Once the vast majority of people stop commuting long distances to work and school, it's very likely that cars (as we know them) will become as common in cities as, say, horses. If you work 2 or 3 miles from where you live, and cars have been outlawed for most people, even in the middle of winter in Prince Albert in Canada or Irkutsk in Siberia, one could simply get into something like a fully enclosed, heated, pedelec velomobile with spiked tires and go to work.
This vehicle wouldn't be some ridiculously overengineered self-driving car like we see them today, but rather could be easily guided by computers placed every 25 feet along the roadway that communicate with each velomobile's onboard navigation and braking system.
Therefore, there'd be no need for mom to take the kids to school. Kids, even as young as 5 years old, could go on their own. Of course the vehicles would have video cameras built in, so that mom (or school employees dubbed "commuting monitors") could monitor/talk with her children as they commute to school.
I suppose the amount of energy needed to power such vehicles for would be, perhaps, 90% less than current conventional electric cars.
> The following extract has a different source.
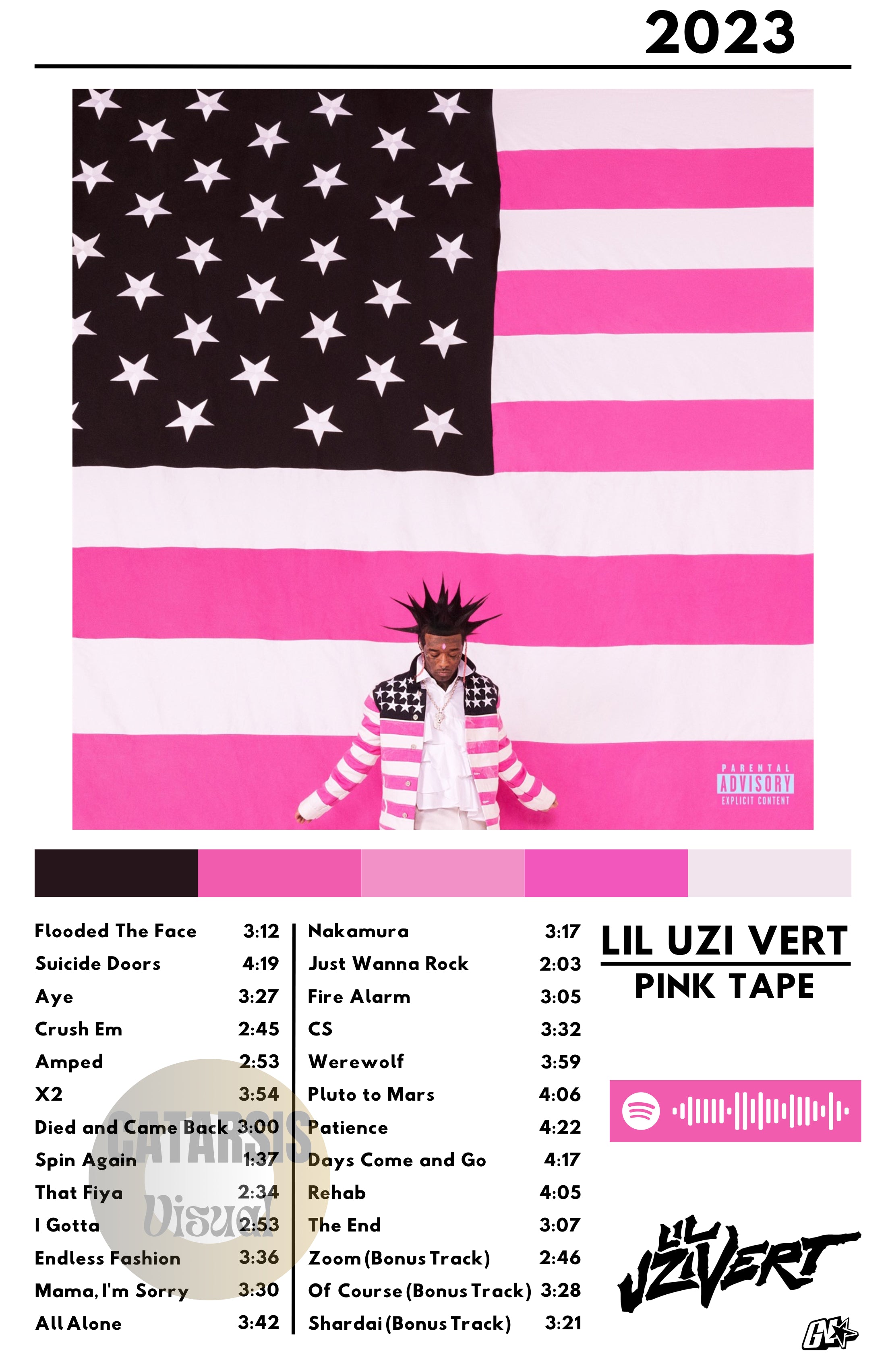 Cuadro Lil Uzi Vert - Pink Tape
Perhaps compressed air (and people, gasp, actually peddling) might be used instead of hydrogen or batteries. Regardless of the energy source used, not much would be used (compared to current conventional cars) because commute distances would be shorter and vehicles would be much lighter than current conventional cars.
All of the above would apply when vehicles were actually needed. Much of the time I imagine people would, believe it or not, gasp, walk to and from work or school. Imagine that. People actually walking to and fro in a city.